Isaiah continues; “So your reward will definitely come, but there is no comprehension of His wisdom as to why He delays it.”
This morning I was in a “battle” with my youngest daughter Aviyah about breakfast. We have a tradition on Shabbat to do “special” cereal (we normally don’t do sugar cereal but to make Shabbat something the girls look forward to, we allow them one day to enjoy the sugar cereal). We wait for the four youngest girls to wake up before serving it though, because we want to also teach patience.
This morning three of the girls woke up relatively early. But Aviyah wasn’t having it. I kept trying to explain what was happening, but her brain couldn’t comprehend it.
I made her a deal and said if her sister wasn’t awake when I was finished Davening, I would get the cereal out anyway. She walked away but was still being impatient. Mind you she wasn’t hungry because she already had a bagel with cream cheese, and a banana.
While Davening, right as I was about to finish (I just had two prayers left) she went into her sisters room and woke her up. So I stopped Davening and explained to her the consequence would be that I would set a timer and she’d have to wait for cereal while everyone else got to eat it as soon as I was finished Davening.
She wasnt having it. We had some good discussion on the difference between hunger and craving; but she delayed me finishing Davening by an extra 20 minutes. I kept explaining to her that she was working against her best self interests. We worked through it, she calmed herself, and i was able to finish Davening. She accepted the reality, let me set the timer, and when the timer went off she got the biggest smile.
It’s a good lesson here. We want that cereal- but we don’t want to wait. But the reward is coming, and Hashem is trustworthy- more so that we are. He doesn’t fluctuate. We do.

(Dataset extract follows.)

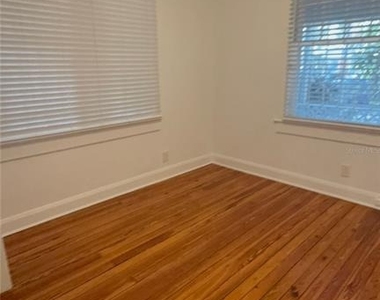 1304 E 32nd Avenue - Photo Thumbnail 2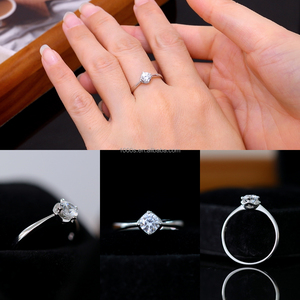 เครื่องประดับเงิน S925พร้อมแหวนเพชรโมอิสมาใหม่เครื่องประดับแฟชั่นของขวัญแต่งงานสำหรับผู้ชายผู้หญิง - Product Image 5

I really encourage you to read the rest of the Haftorah because it is a lot of encouragement. Towards the end, Isaiah writes this;
“But you, Israel, are not like them (the nations who worship idols) because you are My servants! Children of Jacob! I chose you to be My people because you are the descendants of Abraham, who loved Me and separated from idol-worship. In the future I will grasp you from the corners of the earth and call to release you from the control of its powerful people. I told you, “You are My servant,” from the time that I have chosen you, and I have not despised you.
Do not be afraid, for I am with you. Do not turn away thinking I have abandoned you, because I am your God, as I have always been. I strengthened you with positive words of comfort, I helped you from the very beginning.”
Wow. Just wow.
Today- where are you needing Hashem’s word of comfort? Where are you needing a reminder that Hashem does not fluctuate in His performance?
The Haftorah closes with this; “For I am God, your God, who takes hold of your right hand, and says to you; ‘Don’t fear, I will help you,’ so you can rely on My word.”
There is a visual there that I think we need to remember. When Aviyah is struggling, and i reach out to hold her hand (if I’m taking her right hand, I’ll use my left hand) there is a visual there that brings a lot of comfort. The left hand of Hashem takes hold of our right hand and says “do not fear. I will help you.” Do you believe this? Or not? That is one last important question to ask (and answer) for ourselves.